Pour nous il y a un avant et un après Garmeh. C'est comme une psychothérapie : nous pouvions avoir tendance à ne pas être très serein sur cet environnement ; fenecs, chacals, scorpions, guépard, araignées, serpents. Mais apres quelques heures à discuter avec Maziar, tu deviens complètement serein : le désert te semble formidable et l'appréhension des petites et grosses bêtes s'envole.

Nous nous lançons donc dans nôtre deuxième semaine à vélo à travers le Dasht e Kavir. Côté itinéraire, nous ferons un crochet par Mesr, autre oasis avec des dunes de sables, puis une grande ligne droite vers le nord nous attend avec RIEN sur 150 km. De là, nous retrouverons la montagne du Nord de l'Iran et l'autoroute Téhéran Mashad.

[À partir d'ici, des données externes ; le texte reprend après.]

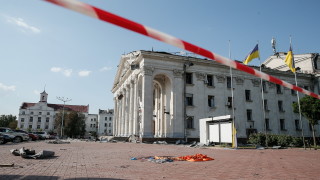 Изключително съм разтревожена от новината за поредния руски удар в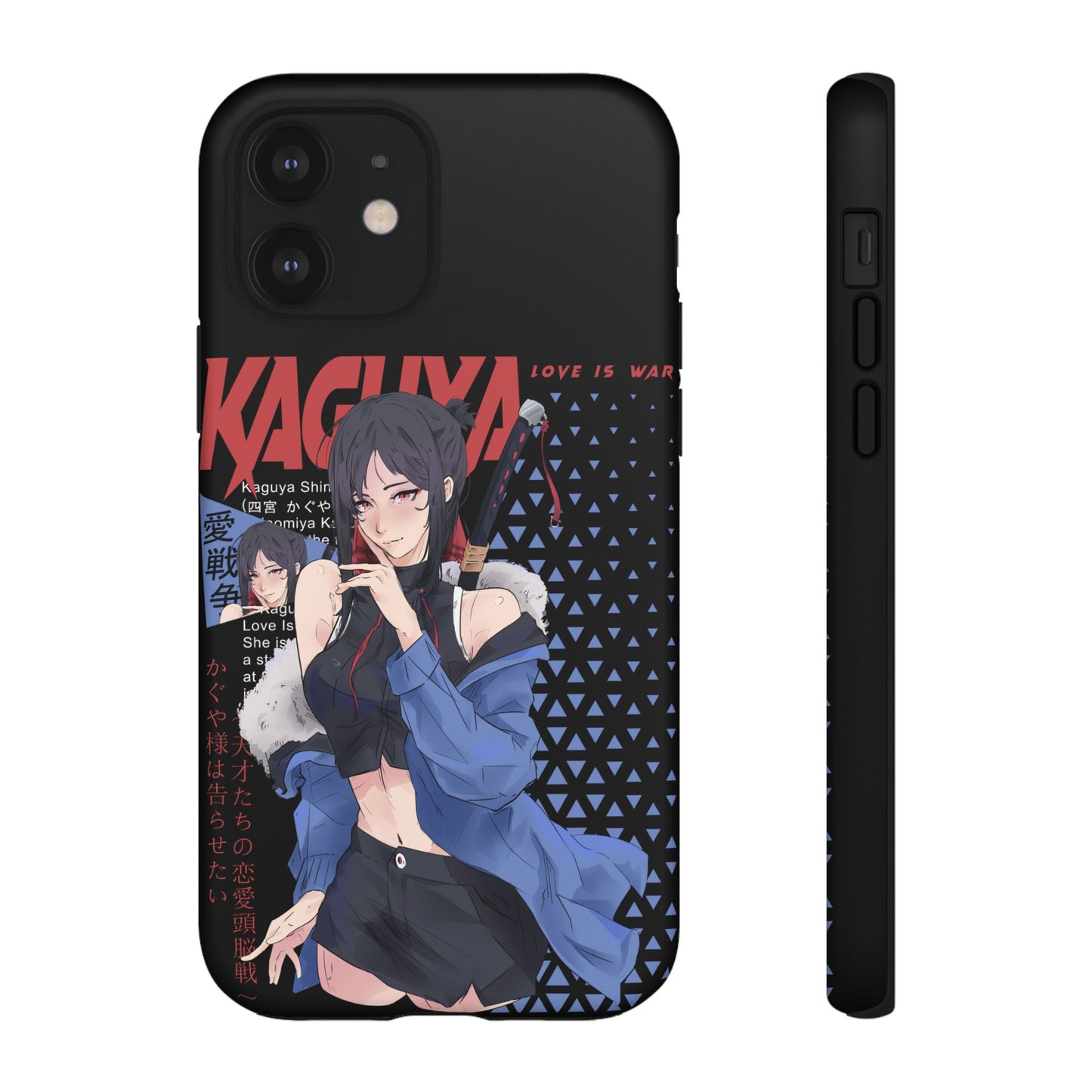 Kaguya / iPhone Cases - LIMITED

Cette semaine nous réserve quelques surprises. Nous rencontrons nos premier.es iranien.nes en vélo de rando, que nous recroiserons 2 jours plus tard un vélo tractant le deuxième suite à un problème de pédale. Malin la corde, pour le coup on y a pas pensé mais nos pédales tiennent la route. En fait, ce qu'on comprend rapidement c'est que c'est les vacances à l'iranienne, 4 jours ou le désert est envahi d'Iraniens en 4*4 profitant de l'espace de liberté que propose le désert. Musique à fond, fête, barbecue, pic nic, alcool, les dunes de sable se transforment en fête foraine avec des tours de 4*4 en montagne russes, passagers hurlant de peur et d'excitation. Nous qui cherchions un peu de quiétude ! Nous plantons la  tente au  pied d'une dune. C'est la quietude pour les yeux mais pas pour les oreilles. En vrai c'est pas très grave, c'est rigolo de pouvoir observer les Iraniens en vacances. D'ailleurs alors que nous roulons au milieu du désert, un 4*4 s'arrête. Mohamed retourne son coffre pour brandir fièrement une bouteille de coca, remplie de vin de son cru. Nous trinquons et il insiste pour nous la laisser et pour nous en faire déguster d'autres chez lui à Mashad. On note, on aime braver les interdits en Iran, un verre de vin ne se refuse pas!

velo tracté

Pic Nic avec les cyclistes

Callenge : faire rentrer dans cette "classic car" 5 iraniens, 5 velos, 10 saccoches et rentrer à Teheran 

Desert tour
Mona et Mohamed de Mashad ; "Salamati" au vin maison






La voilà la dune!

Apero Vina Cola

Et encore une piste!


Alors que nous arrivons à Jandaq, nous préparons nos 2 jours d'autonomie pour "la" grande traversée en priant que le vent soit avec nous. 150 km de vide et de camion. Pas évident pour camper, le sol est tel un lac asséché. Alexis s'est chargé de faire de plein d'eau pour 2 jours mais arrivés au bivouac nous nous rendons compte que l'eau est salée ! Oups et beurk. On va devoir se débrouiller pour demander de l'eau à des camions. Finalement à quelques km de là, une cascade, et des ouvriers qui trifouillent on ne sait quoi. Ils ont une palette de bouteille, ouf problème résolu. La suite est un paysage étrange. Un peu désolant. C'est plat, c'est gris, c'est sans vie, c'est sale! Aussi étrange que cela puisse paraître, la route est parsemée de pneus et de ... Pare brise. Et puis si on observe bien le bas côté,  c'est truffé de petits terriers : on voit des moineaux à crêtes, des écureuils-marmotte du désert, et même un genre de campagnol à la queue très longue et noire au bout. On ne voit pas d'autres explications à la présence de cette faune que les déchets dont se débarrassent les chauffeurs. D'ailleurs malgré l'océan salé et asséché dans lequel nous sommes, nous parviendrons à faire un petit feu de camp avec des bois, tombés du camion !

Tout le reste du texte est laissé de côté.